Brief: Without any pictures, print exactly the lines that run from the start of the data through the line containing "Maroon embroidered ethnic".

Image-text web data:

##########

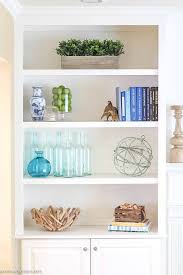 Learn how to decorate a bookshelf and create a stunning display worthy of your favorite titles. How To Decorate Bookshelves Green With Decor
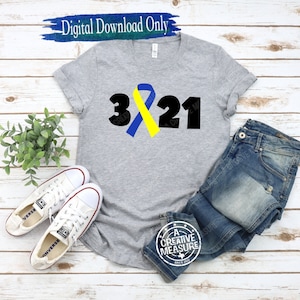 May include: A gray t-shirt with a black 321 design and a yellow and blue ribbon. The ribbon is a symbol of awareness for Down syndrome.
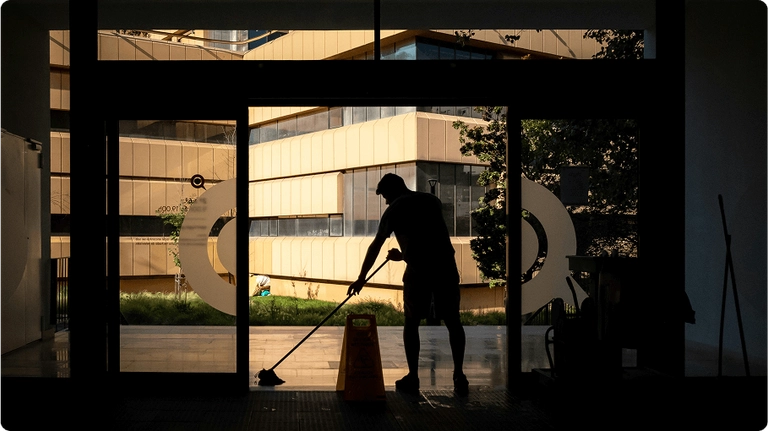 man cleaning in a hall way silouette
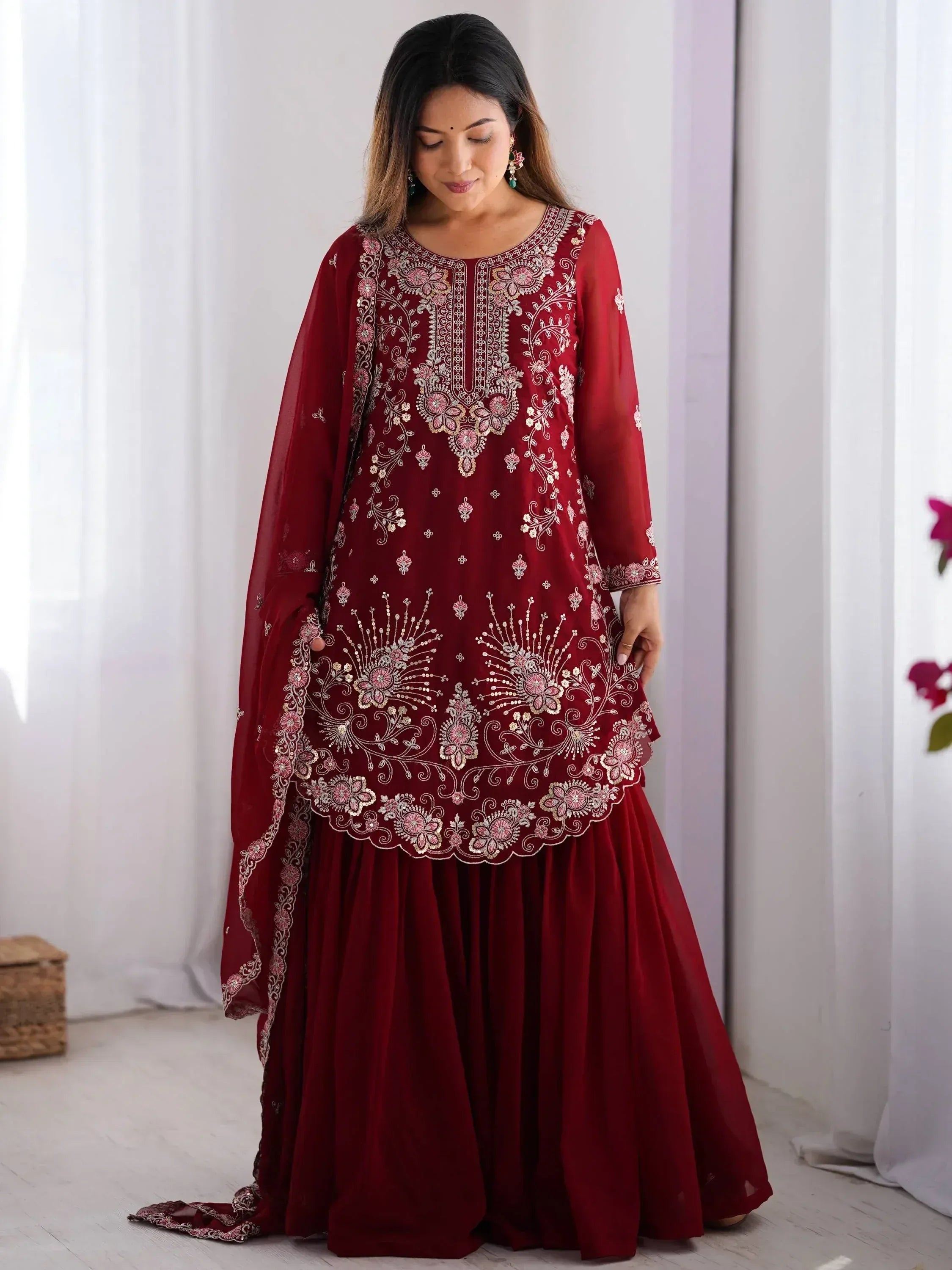 Maroon embroidered ethnic gown with floral detailing, perfect for Indian occasions and festive wear.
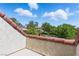 Balcony view of trees, blue sky and houses in the neighborhood at 13 Dovetail Cir, Henderson, NV 89014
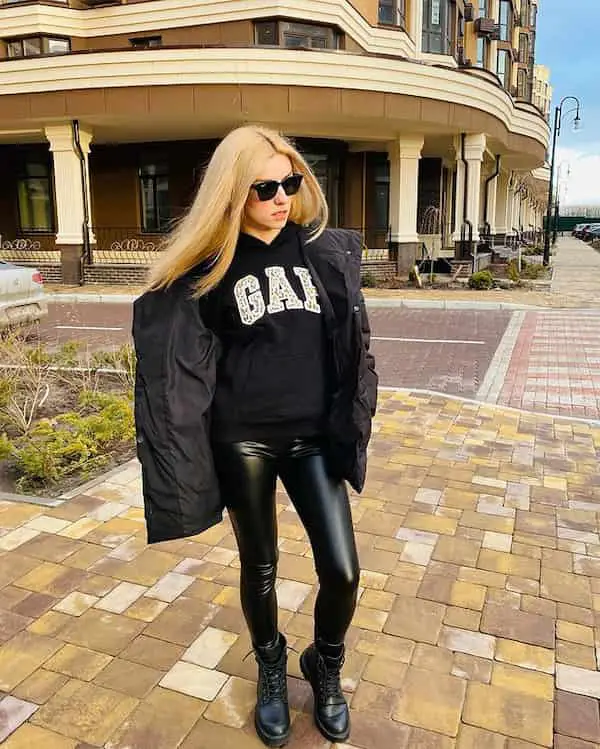 Black Combat Boots and Faux Leather Leggings with Black Graphic Top + Winter Jacket + Sunglasses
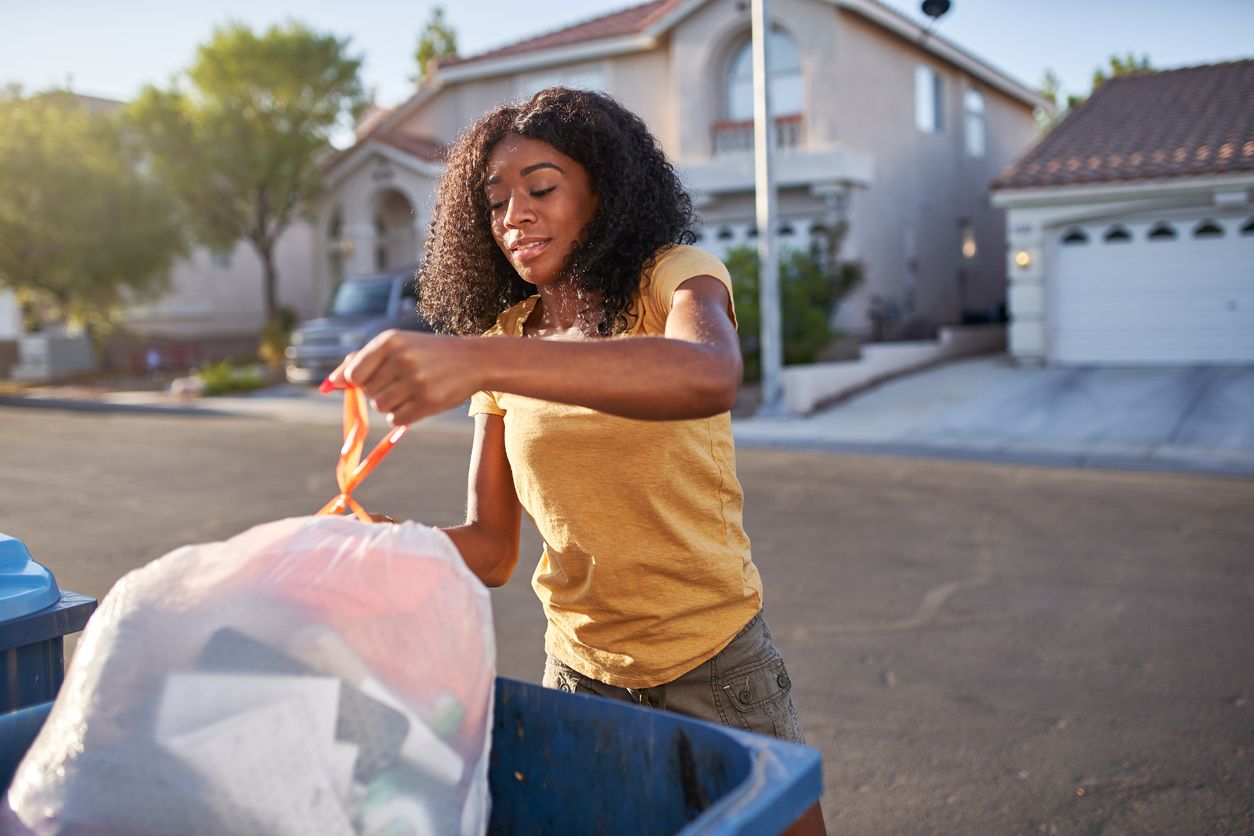 A woman takes out the trash to a curbside bin right outside her house.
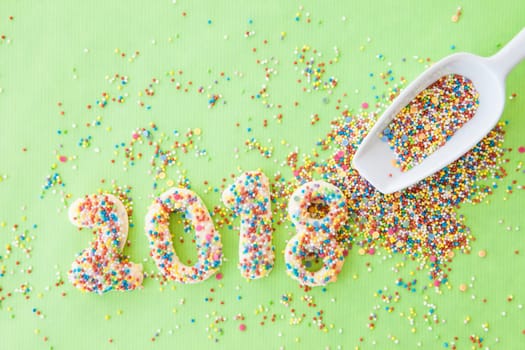 Cookies with colorful sprinkles for the New Year 2018 on a green background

##########

Answer area:
 Learn how to decorate a bookshelf and create a stunning display worthy of your favorite titles. How To Decorate Bookshelves Green With Decor
 May include: A gray t-shirt with a black 321 design and a yellow and blue ribbon. The ribbon is a symbol of awareness for Down syndrome.
 man cleaning in a hall way silouette
 Maroon embroidered ethnic gown with floral detailing, perfect for Indian occasions and festive wear.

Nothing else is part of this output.